## Task prompt
Only the lines from the first line of the entries through the line with "Inverter-Mikrowelle-Test: Einbau-Modell in" belong in the answer, each restated word for word and without pictures.

## Dataset extract
_ _ _ _ _
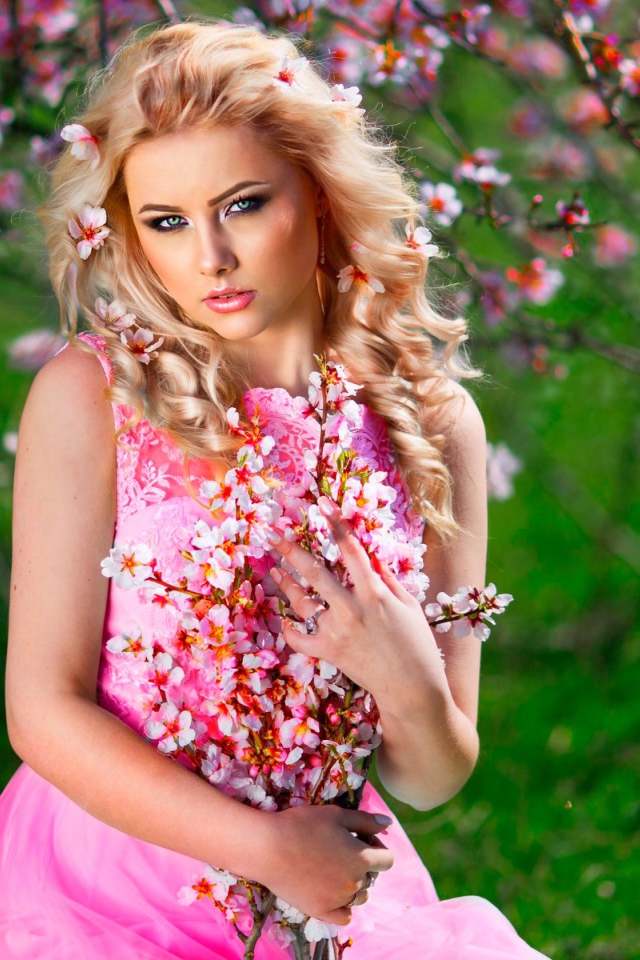 Красивая девушка блондинка с розовыми цветами 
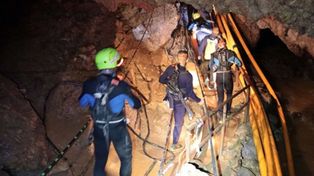Cueva larga y peligrosa que obliga a una lucha contra el tiempo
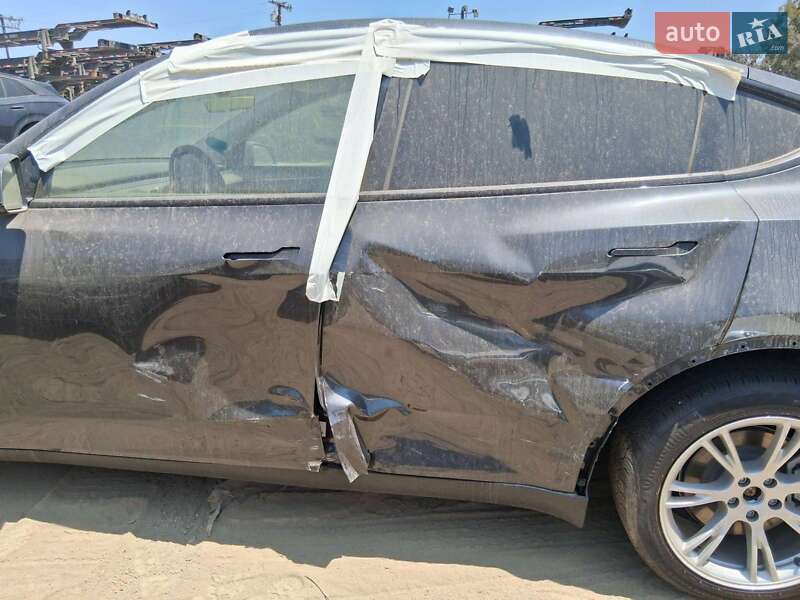 Внедорожник / Кроссовер Tesla Model Y 2024 в Киеве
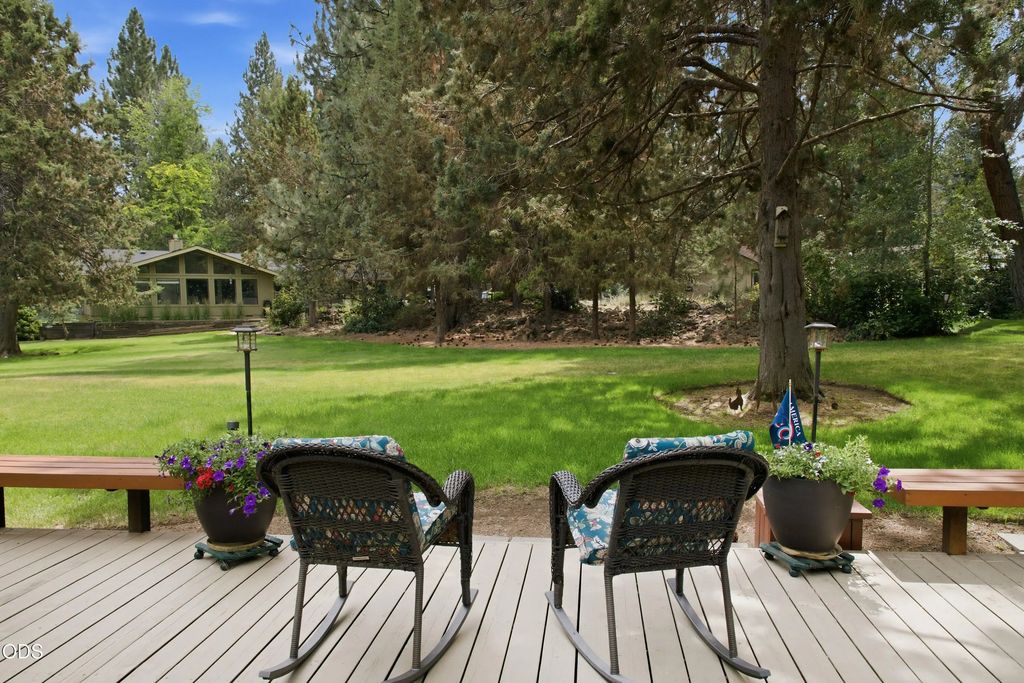 20453 Mainline Road, Bend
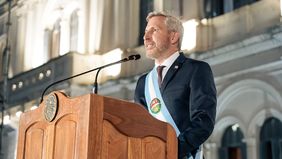 Rogelio Frigerio, el día de su asunción como gobernador, frente a la Casa Gris. Rogelio Frigerio, el día de su asunción como gobernador, frente a la Casa Gris.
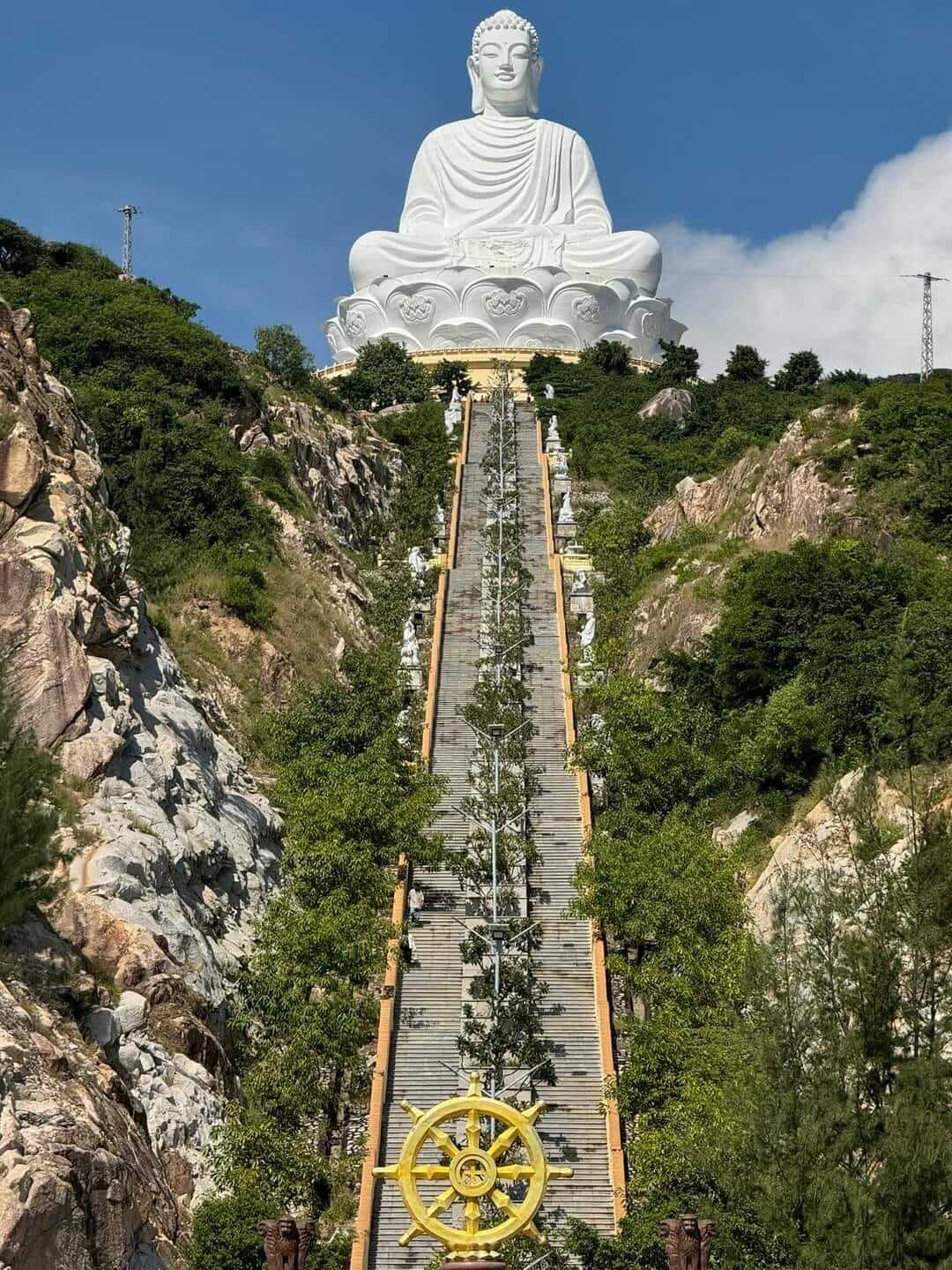 Vẻ đep linh thiêng tại chùa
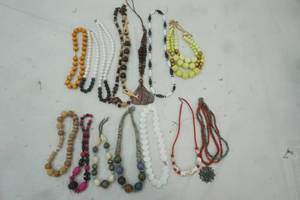 lot 478 image: Jewlery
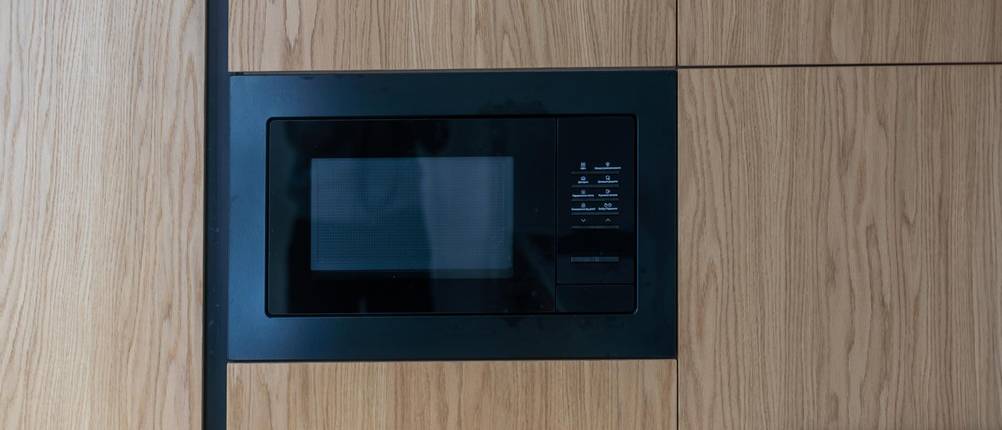 Inverter-Mikrowelle-Test: Einbau-Modell in einer Holz-Küche.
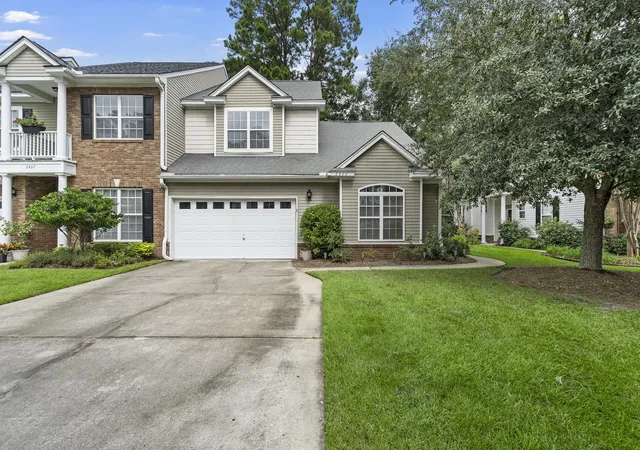 Photo 1 of Townhouse for sale at 2463 Draymohr Ct, Mount Pleasant, SC 29466 | MLS# 26027305 | Listing updated on 2026-10-16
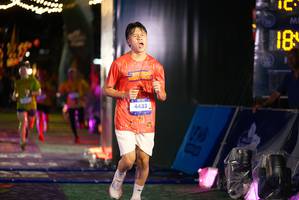 BIB: 4433
                            <button type="button" onclick="openModal(26266207)" class="btn btn-primary btn-sm float-right btn-popup" data-toggle="modal" data-target=".modal-high-quality">
                        <i class="fas fa-shopping-cart"></i> Add to Cart
                    </button>
                                            <button type="button" onclick="isThisMe(26266207, true)" class="btn btn-success btn-sm float-right btn-popup btn-isme hidden" data-toggle="tooltip" data-placement="bottom" title="นี่คือรูปของคุณใช่ไหม คลิกที่นี่เพื่อเอาเข้าอัลบั้ม">
                        <i class="fas fa-plus"></i> Add to album
                    </button>
                    <button type="button" onclick="isThisMe(26266207, false)" class="btn btn-warning btn-sm float-right btn-popup btn-isnotme hidden">
                        <i class="fas fa-ban"></i> Remove from album
                    </button>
_ _ _ _ _
## Exercise solution
 Красивая девушка блондинка с розовыми цветами 
Cueva larga y peligrosa que obliga a una lucha contra el tiempo
 Внедорожник / Кроссовер Tesla Model Y 2024 в Киеве
 20453 Mainline Road, Bend
 Rogelio Frigerio, el día de su asunción como gobernador, frente a la Casa Gris. Rogelio Frigerio, el día de su asunción como gobernador, frente a la Casa Gris.
 Vẻ đep linh thiêng tại chùa
 lot 478 image: Jewlery
 Inverter-Mikrowelle-Test: Einbau-Modell in einer Holz-Küche.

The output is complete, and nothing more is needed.